TINTA NUSANTARA
BERANI MENYIKAP TABIR

Timses Cakades Desa Mersip Temukan Kecurangan Panitia, Terima Laporan Dinas PMD Hanya Diam

TINTANUSANTARA.CO.ID, SAROLANGUN – Tim sukses salah satu Calon kepala Desa Mersip Kecamatan Limun Firmansyah mulai buka suara terkait beberapa dugaan kecurangan yang dilakukan panitia Pilkades beberapa waktu lalu.

Di jelaskan Firmansyah dari mulai saat Pemutakhiran Data Pemilih (Pantarlih) Pilkades Desa Mersip serta pendataan DPS diduga tidak mengacu pada Peraturan Bupati (PERBUB) Sarolangun Nomor 6 Tahun 2020.

“Kita menduga dalam Pantarlih panitia tidak mengacu pada ketentuan Perbup nomor 6 tahun 2020 tentang pemilihan Kepala Desa,” ucap Firmansyah.

Tidak hanya soal Pantarlih, Firmansyah menjelaskan calon Kades nomor urut 01 Desmiran memprotes penetapan DPT hingga melaporkan hal ini ke Dinas PMD kabupaten Sarolangun namun tidak ada tanggapan.

“Kita coba protes DPT hingga surati Dinas PMD, namun tidak direspon, entah  kenapa dinas PMD hanya diam.” Kata Firmansyah.

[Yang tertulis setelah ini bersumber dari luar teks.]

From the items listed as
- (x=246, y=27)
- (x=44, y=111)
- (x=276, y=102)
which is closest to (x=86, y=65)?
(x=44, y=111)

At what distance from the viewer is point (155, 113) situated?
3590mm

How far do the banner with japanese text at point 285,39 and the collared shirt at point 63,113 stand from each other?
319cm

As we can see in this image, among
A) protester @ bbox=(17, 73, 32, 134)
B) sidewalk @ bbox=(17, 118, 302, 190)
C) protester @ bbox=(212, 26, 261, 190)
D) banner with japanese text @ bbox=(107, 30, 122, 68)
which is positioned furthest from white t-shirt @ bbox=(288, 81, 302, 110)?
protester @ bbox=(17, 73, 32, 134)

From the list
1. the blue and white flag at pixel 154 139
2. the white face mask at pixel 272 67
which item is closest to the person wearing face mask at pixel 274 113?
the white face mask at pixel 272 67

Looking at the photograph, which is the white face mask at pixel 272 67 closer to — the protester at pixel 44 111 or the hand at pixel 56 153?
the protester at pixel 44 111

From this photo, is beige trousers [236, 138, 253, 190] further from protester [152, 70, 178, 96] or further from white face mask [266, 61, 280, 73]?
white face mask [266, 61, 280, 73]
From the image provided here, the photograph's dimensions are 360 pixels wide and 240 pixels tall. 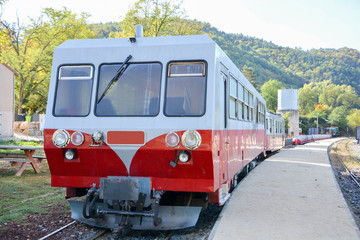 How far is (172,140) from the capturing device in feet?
19.2

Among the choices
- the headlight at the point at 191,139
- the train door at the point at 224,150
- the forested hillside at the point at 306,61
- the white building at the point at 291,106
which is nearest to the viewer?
the headlight at the point at 191,139

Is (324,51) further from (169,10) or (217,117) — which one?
(217,117)

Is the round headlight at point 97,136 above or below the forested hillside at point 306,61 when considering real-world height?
below

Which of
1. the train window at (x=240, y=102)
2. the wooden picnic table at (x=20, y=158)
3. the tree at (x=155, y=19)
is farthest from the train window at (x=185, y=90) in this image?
the tree at (x=155, y=19)

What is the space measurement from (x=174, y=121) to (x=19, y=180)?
7.34 m

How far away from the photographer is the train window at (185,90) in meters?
5.95

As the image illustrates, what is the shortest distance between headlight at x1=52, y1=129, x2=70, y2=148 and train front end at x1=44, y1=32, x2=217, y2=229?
0.02m

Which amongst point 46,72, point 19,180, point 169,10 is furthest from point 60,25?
point 19,180

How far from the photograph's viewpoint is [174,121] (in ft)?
19.4

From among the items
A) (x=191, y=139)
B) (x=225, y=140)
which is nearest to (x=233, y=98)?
(x=225, y=140)

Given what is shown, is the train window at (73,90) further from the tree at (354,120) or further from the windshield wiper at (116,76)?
the tree at (354,120)

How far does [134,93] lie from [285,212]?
3750mm

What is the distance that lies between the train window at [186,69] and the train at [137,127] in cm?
2

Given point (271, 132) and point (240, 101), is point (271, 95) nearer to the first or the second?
point (271, 132)
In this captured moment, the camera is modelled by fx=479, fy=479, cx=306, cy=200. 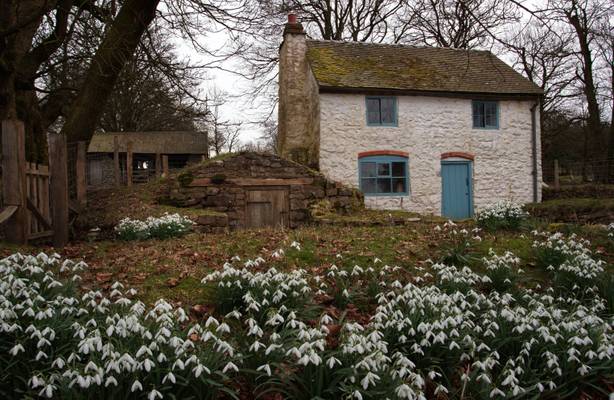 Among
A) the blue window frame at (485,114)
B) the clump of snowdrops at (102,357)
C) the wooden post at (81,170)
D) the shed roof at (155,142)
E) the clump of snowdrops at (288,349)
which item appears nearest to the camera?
the clump of snowdrops at (102,357)

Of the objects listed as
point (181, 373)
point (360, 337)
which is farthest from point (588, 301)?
point (181, 373)

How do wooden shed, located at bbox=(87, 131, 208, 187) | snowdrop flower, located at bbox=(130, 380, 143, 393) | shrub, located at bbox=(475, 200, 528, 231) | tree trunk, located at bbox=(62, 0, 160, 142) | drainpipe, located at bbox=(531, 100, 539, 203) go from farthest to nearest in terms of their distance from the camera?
wooden shed, located at bbox=(87, 131, 208, 187)
drainpipe, located at bbox=(531, 100, 539, 203)
tree trunk, located at bbox=(62, 0, 160, 142)
shrub, located at bbox=(475, 200, 528, 231)
snowdrop flower, located at bbox=(130, 380, 143, 393)

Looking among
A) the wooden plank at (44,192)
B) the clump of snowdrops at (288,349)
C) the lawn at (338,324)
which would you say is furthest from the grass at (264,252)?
the wooden plank at (44,192)

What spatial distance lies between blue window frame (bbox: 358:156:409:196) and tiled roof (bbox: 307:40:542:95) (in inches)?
103

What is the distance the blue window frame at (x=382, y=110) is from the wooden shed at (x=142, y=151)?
12056mm

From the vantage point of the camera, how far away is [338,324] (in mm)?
3969

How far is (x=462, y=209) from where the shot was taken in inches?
717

Tidak hanya itu Panitia Pilkades Desa Mersip diduga tidak mengedepankan musyawarah dalam penetapan keputusan, namun selalu memutuskan sendiri.

“Selain itu panitia juga memungut dana kepada masing calon kepala desa sebesar sepuluh juta rupiah.”

“Kita juga temukan Daftar Pemilih Tetap (DPT) dalam Pilkades Desa Mersip banyak warga yang berhak memilih tidak terdaftar dalam DPT. Selain itu adanya warga identitas luar masuk dalam pemilihan serta terdapat pemilih belum cukup umur”. Ujar Firmansyah.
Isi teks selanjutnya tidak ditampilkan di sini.